Last Update:02/09/28

「偏に竜の名に恥じず」

「竜馬がゆく」7巻 いろは丸 より


龍馬は維新後、その伝記作者によって「汗血千里駒」という評語をうけた。

汗血というのは「漢書」の武帝紀にあることはで、アラビア産の名馬のことである。

血のように赤い汗をかく、というところから出た言葉だ。

が、それはいい。

とにかく天保六年うまれの、もはやさして若くもなくなっているこの男は、このころからその名のように千里を駈けまわる超人的な活動ぶりを示しはじめていた。

竜馬は数えて三十三歳である。十代の初期は痴児にちかく、二十代の初期は愚鈍の風貌があり、当時のかれを知る者は、三十三のこんにちの竜馬を、別人としか思えなかったであろう。

もっとも、例外はあった。

かれの盟友の武市半平太のみは二十代初期のころの竜馬を見ぬいて、「土佐の田舎にはあだたぬ者(間尺にあわぬ者)」と評し、この思想を異にした年下の友人のために美しい詩をつくった。

 
 
肝胆元(もと)より雄大

奇機おのずから湧出す

飛潜す、たれか識(し)るあらん

偏(ひとえ)に竜の名に恥じず

 
 
そうは見てくれたが、これは当時、竜馬の仲間でさえ、「竜ノ字にはほめすぎの詩じゃ」といって一場の座興にしてしまったほどだった。

郷党の友人の多くは竜馬をさほどには評価しなかったし、それも当然なところもあった。

多くの同志が、天誅の血に酔っているときに、この天才的な剣客は、航海術に熱中していた。

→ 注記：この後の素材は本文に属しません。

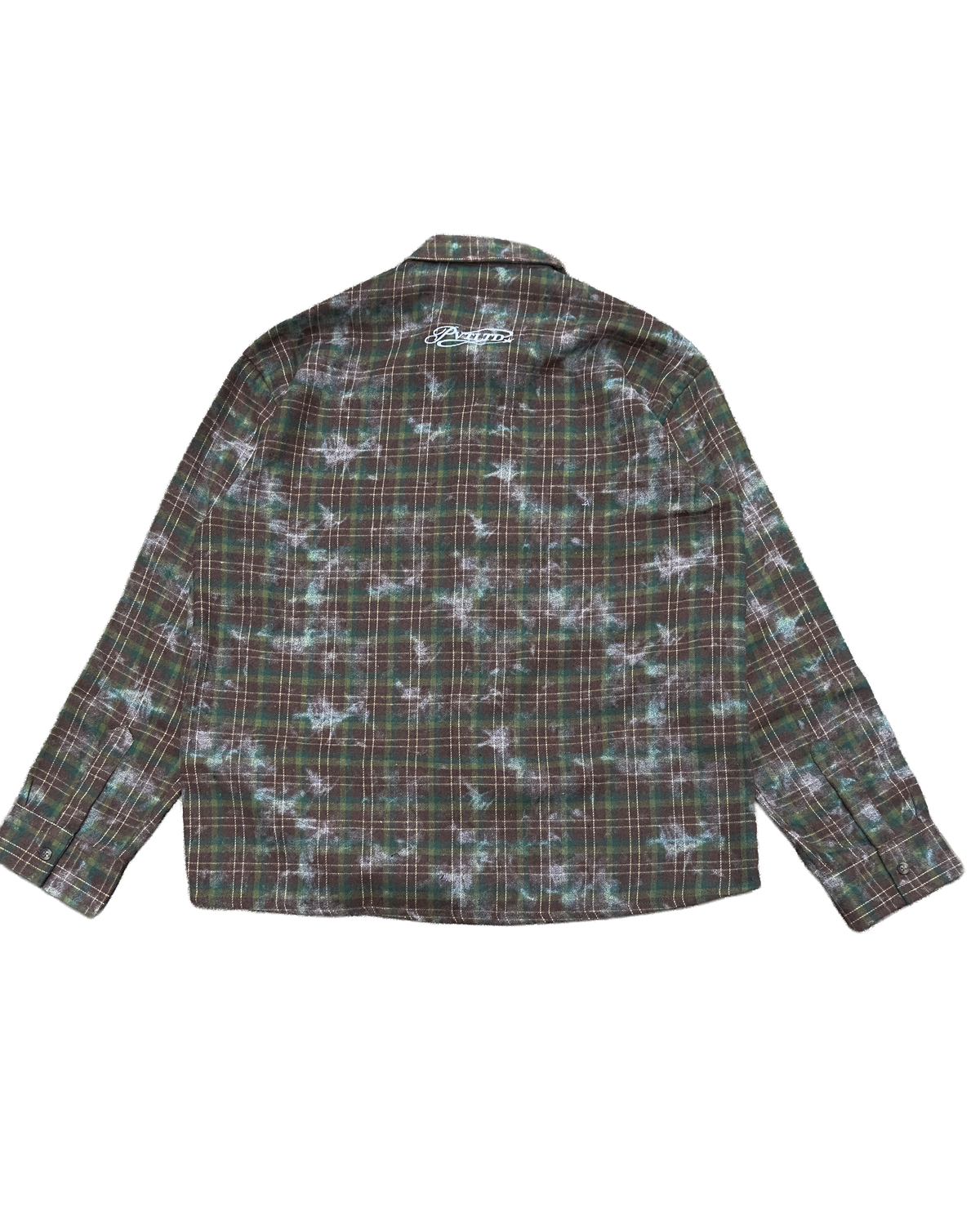Moss Frost Flannel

およそ激動する時勢と歩調があわず、一見、道草を食っている駄馬にみえた。

竜馬が、武市の予言した、「偏に竜の名に恥じず」といった活動を開始するにいたるのは、三十を越えてからのことである。


竜馬がゆく FUSEが心から推薦する一冊です。
是非読んでみてください。

「竜馬がゆく」
文春文庫
定価 552円

 

依光感想
 
武市半平太の龍馬への友情が分かる文章でとても好きなエピソードです。

人の才能を見抜き、評価して、勇気づける。

誰にもできることではありません。

FUSEも学びたいと思います。